The merger had been officially announced in September as the way for the state to receive a majority stake in Gazprom.
That would serve as the hotly awaited trigger for the company's remaining shares to be fully available to foreign investors — providing a much-needed boost to investment confidence battered by the politically charged dismantling of Russia's onetime top oil producer Yukos.
Gazprom said the government would acquire the 10.7 percent block required to lift its stake above 50 percent by paying cash for the shares. Analysts have said the stake could cost about $6 billion, according to Dow Jones Newswires.

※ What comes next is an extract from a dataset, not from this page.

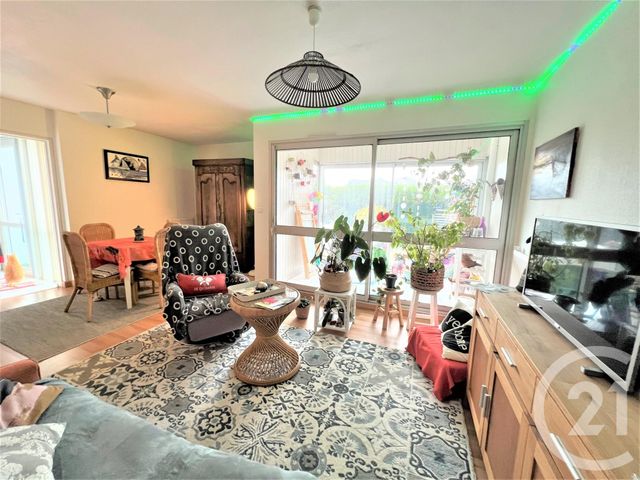 Appartement T3 à vendre - 4 pièces - 69.71 m2 - QUIMPER - 29 - BRETAGNE - Century 21 Celtimmo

The Economic Development Ministry clarified that the government would raise the money on the international capital markets, and settle these debts subsequently by selling off some of its 100-percent stake in Rosneft in an initial public offering.
"In this way, the state will become the direct owner of a controlling stake in Gazprom and a controlling stake in Rosneft," the ministry said.
The removal of restrictions on owning Gazprom shares would be finalized in September, Interfax reported, citing Gazprom board member Boris Fyodorov. A source in the company said this timeframe "could be trusted."
Gazprom shares closed higher on Moscow's RTS exchange.
The merger plans were thrown off course by Rosneft's acquisition last year of Yuganskneftegaz, the main production unit of Yukos that was auctioned off by the state to meet part of Yukos' multibillion-dollar back taxes bill.
Observers suggested that Rosneft management thereafter did not want to continue the merger because it would lose control of the massive cash flow from Yuganskneftegaz, which produces a million barrels a day — the same as OPEC member Indonesia.
Analysts had suggested that a cash deal — which had been rumored but not confirmed previously — would be welcome as a simpler way for the state to take a control of Gazprom.
Yuganskneftegaz was purchased at the auction by a shadowy shell company, which was acquired by Rosneft a few days later.
Chris Weafer, chief strategist at Moscow's Alfa Bank, said he expected foreign funds to pour some $6 billion into Gazprom as a result of its weighting changing in emerging market benchmark ratings from the share liberalization.
The hope in the Kremlin was that "the announcement would balance the damage done by the Yukos affair," he said.